= Empress Kong =

Empress Kong (孔皇后, personal name unknown) (died 934), formally Empress Ai (哀皇后, "the lamentable empress"), was an empress of the Chinese Five Dynasties and Ten Kingdoms Period state Later Tang. Her husband was its third emperor Li Conghou (Emperor Min).

== Background ==
It is not known when the future Empress Kong was born. Her father was Kong Xun, who had served as an official of Later Tang's predecessor (and rival) Later Liang prior to serving Later Tang.

By 928, Kong Xun was serving as a chief of staff for Later Tang's second emperor Li Siyuan, and he was a close associate of fellow chief of staff An Chonghui, who was then the most powerful figure at court. At one point, Li Siyuan had wanted to take An's daughter as wife for one of his sons. Kong dissuaded An, arguing that given how honored and how close to the emperor he was, it was inappropriate to further create a marital relationship, so An declined. However, thereafter, there were those who told An that Kong was good at alienating people. When Kong heard this, apparently wanting to create a relationship with the imperial household independent of his relationship with An, he ingratiated Li Siyuan's favorite concubine Consort Wang and sought that his daughter be married to an imperial prince. Consort Wang thus suggested to Li Siyuan that Kong's daughter be married to his son Li Conghou. Li Siyuan agreed. When An heard this, he became incensed, and he had Kong ejected from the court (then at Daliang) to serve as the defender of Luoyang. However, this did not stop the marriage, and the wedding took place around the new year 929. It was because of the wedding's taking place that Kong was able to go to Daliang to attend the wedding. Once at Daliang, he again tried to ingratiate Consort Wang and her associates, hoping to stay at Daliang. Due to An's stern opposition, however, he was returned to Luoyang.

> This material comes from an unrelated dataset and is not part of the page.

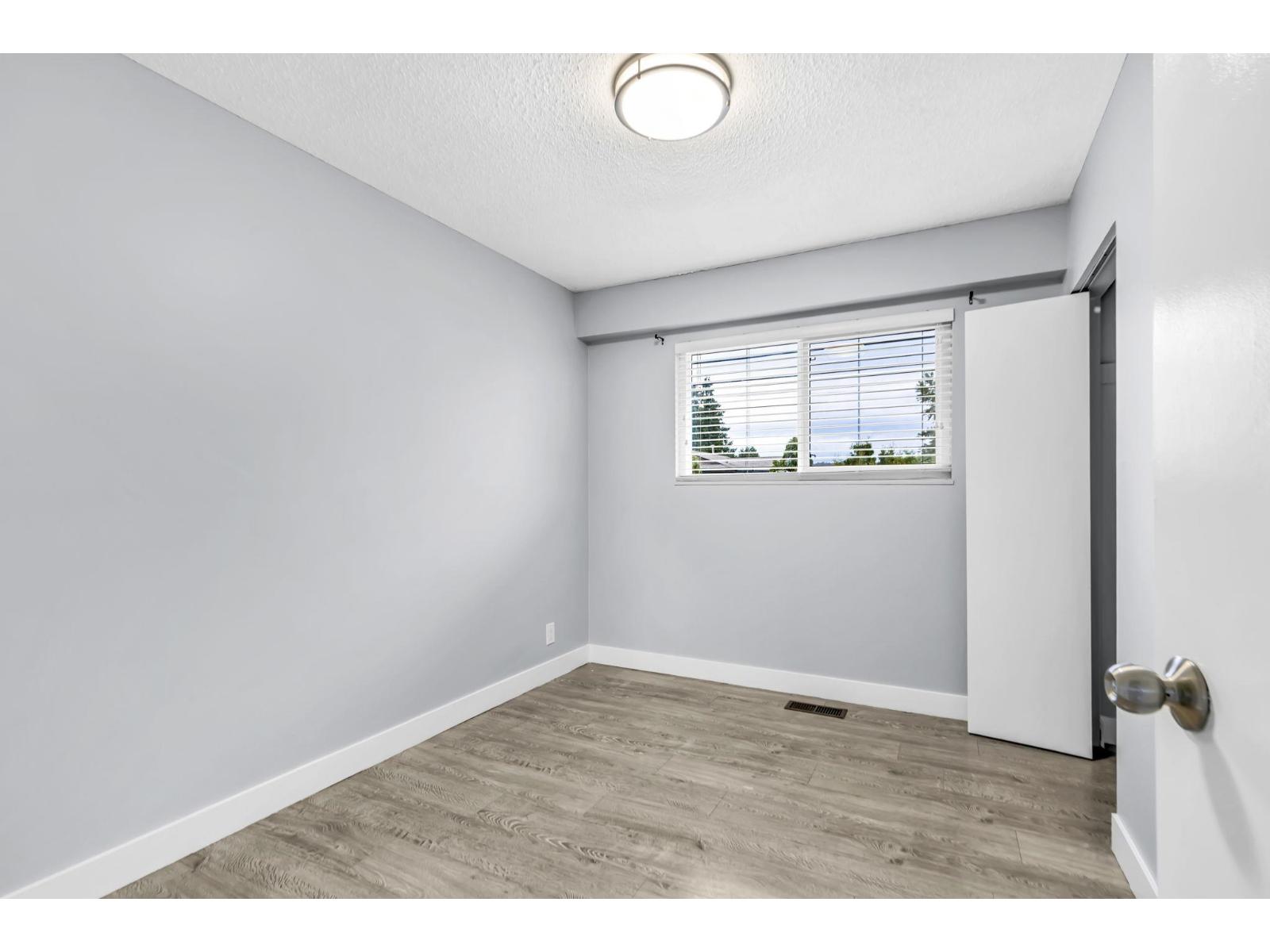 11786 86 Avenue Property Photo 15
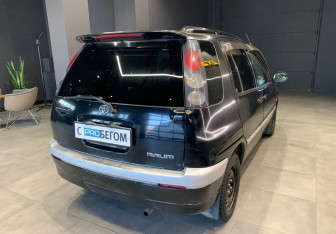 Подержанный автомобиль Toyota Raum 2000 года (5 фото)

Princess Kong was said to be wise in her actions, and she bore four sons for Li Conghou.

== As empress ==
Li Siyuan died in late 933, and Li Conghou became emperor. According to the New History of the Five Dynasties, he created Princess Kong empress, but a formal creation ceremony was not held at that time.

At that time, the court scene was controlled by Li Conghou's chiefs of staff Zhu Hongzhao and Feng Yun. They suspected the powers held by Li Conghou's older adoptive brother Li Congke the military governor (jiedushi) of Fengxiang Circuit (鳳翔, headquartered in modern Baoji, Shaanxi) and brother-in-law Shi Jingtang the military governor of Hedong Circuit (河東, headquartered in modern Taiyuan, Shanxi). Li Congke's oldest son Li Chongji (李重吉) was then a commander of the imperial guards, and they did not want him to hold such a command. They therefore sent him out of the capital to serve as military prefect of Bo Prefecture (亳州, in modern Bozhou, Anhui). In addition, they forced Li Congke's daughter Li Huiming (李惠明), who had become a Buddhist nun at then-capital Luoyang, to live in the palace, believing that this would give them greater control on her father. As a result, Li Congke became fearful.

In spring 934, not wanting Shi to remain at Hedong for long, Zhu and Feng transferred Shi, Li Congke, and Fan Yanguang the military governor of Chengde Circuit (成德, headquartered in modern Shijiazhuang, Hebei) to new assignments. Believing that this was intended to target him, Li Congke rebelled. During his rebellion, Li Chongji and Li Huiming were executed. Li Congke's rebellion was successful, and he quickly reached Luoyang's vicinity. Li Conghou fled, hoping to gain Shi's support, but was soon put under effective house arrest by Shi, who pledged allegiance to Li Congke. At that time, Empress Kong was ill, and her children were young, and therefore none of them was able to accompany him. Li Congke thereafter took the throne, and had Li Conghou killed. After that, Li Congke sent a messenger to Empress Kong, stating, "Now, where is Li Chongji?" He then put her and her sons to death. After Shi subsequently overthrew Li Congke with assistance of Liao dynasty in 936 and established his own Later Jin, he posthumously gave Empress Kong her posthumous name of Ai ("lamentable").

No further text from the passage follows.